Update Notes

Author: VR-Rathod

pages/Abstract Factory Pattern.md

@@ -0,0 +1,326 @@
+---
+seoTitle: Activity Selection Problem – Greedy Interval Scheduling Algorithm Guide
+description: "Master the Activity Selection Problem using greedy interval scheduling. Covers earliest finish time strategy, exchange argument proof, weighted variant with DP, and full implementations in Python, C++, JavaScript, and Java."
+keywords: "activity selection problem, interval scheduling, greedy algorithm, earliest finish time, non-overlapping intervals, weighted job scheduling, DP, Python, C++, Java, JavaScript, DSA"
+displayTitle: Activity Selection Problem
+---
+
+> [!info] What is the Activity Selection Problem?
+> The **Activity Selection Problem** asks: given $N$ activities with start times $s_i$ and finish times $f_i$, select the **maximum number of non-overlapping activities** a single resource can perform.
+> The [[Greedy Algorithm Concepts|greedy]] strategy — **always pick the activity that finishes earliest** — is provably optimal and runs in **$O(N \log N)$** time (dominated by sorting).
+> This is the canonical problem for proving greedy correctness using the **exchange argument**.
+
+- # Explanation
+  collapsed:: true
+	- Two activities $i$ and $j$ are **compatible** if they do not overlap: $f_i \leq s_j$ or $f_j \leq s_i$.
+	- The goal is to find the **largest compatible subset** of activities.
+	-
+	- ## Why Earliest Finish Time is Greedy-Optimal
+	  collapsed:: true
+		- **Intuition**: Finishing early leaves maximum time for future activities.
+		- **Exchange Argument Proof**:
+		  1. Let OPT be any optimal solution. Let $a_1$ be the first activity picked by OPT.
+		  2. Let $g_1$ be the first activity picked by greedy (earliest finish).
+		  3. Since greedy picks earliest finish: $f(g_1) \leq f(a_1)$.
+		  4. Replace $a_1$ with $g_1$ in OPT → result is still valid (same or more time freed up) and still optimal size.

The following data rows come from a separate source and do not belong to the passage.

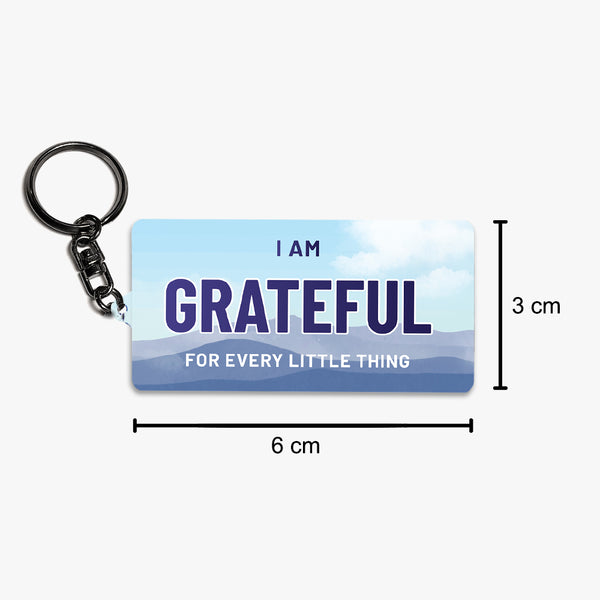 Grateful Metal Keychain: Little Things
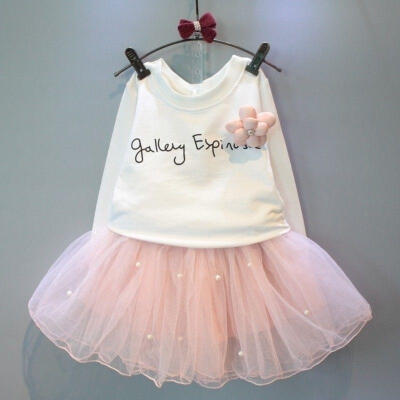 

New Baby Girls Party Tops Tulle Skirt Outfits Set Gown Formal Bridesmaid Dresses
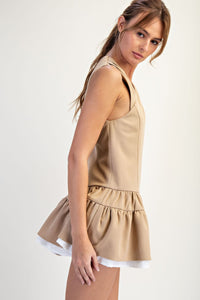 Asyemtrical Strap Mini Dress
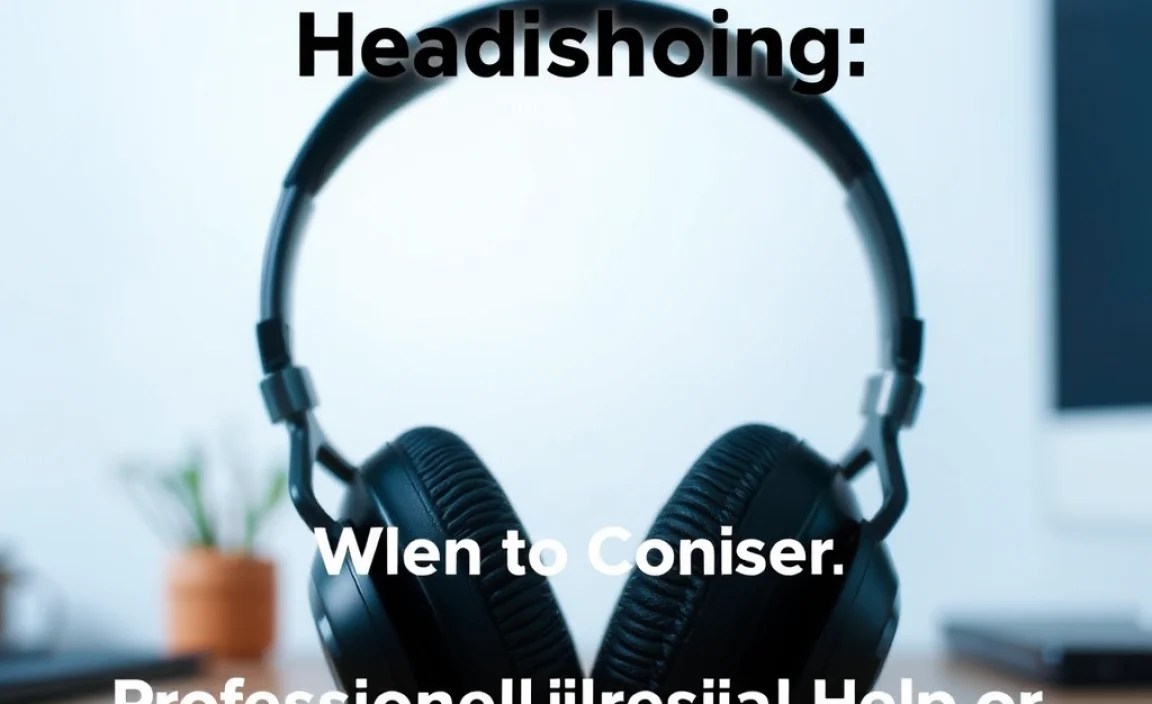 When to Consider Professional Help or Replacement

+		  5. Repeat → greedy solution matches OPT in size. ✅
+	-
+	- ## Activity Selection vs Interval Scheduling Variants
+	  collapsed:: true
+		- | Variant | Goal | Strategy |
+		  |---------|------|----------|
+		  | **Max Activities (unweighted)** | Max number of non-overlapping activities | Greedy: sort by finish time |
+		  | **Interval Coloring** | Min resources (rooms/machines) | Greedy: sort by start time, assign to available resource |
+		  | **Weighted Job Scheduling** | Max total weight of non-overlapping jobs | [[Dynamic Programming Concepts]]: DP + binary search |
+		  | **Min Interval Coverage** | Fewest intervals to cover a range | Greedy: always pick interval extending coverage farthest |
+	-
+	- ## Core Properties
+	  collapsed:: true
+		- **Stability**: Not applicable.
+		- **Greedy Choice Property**: Selecting the activity with the earliest finish time never eliminates a globally optimal set.

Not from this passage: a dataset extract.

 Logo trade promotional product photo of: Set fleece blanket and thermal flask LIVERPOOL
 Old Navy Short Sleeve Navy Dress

+		- **Optimal Substructure**: After selecting activity $k$, the remaining problem is the same — find max activities compatible with $k$ from the remaining set.
+
+- # How It Works
+  collapsed:: true
+	- ## The Core Idea
+	  collapsed:: true
+		- 1. **Sort** all activities by finish time.
+		- 2. Always **select the first compatible activity** (the one that starts after the last selected activity finishes).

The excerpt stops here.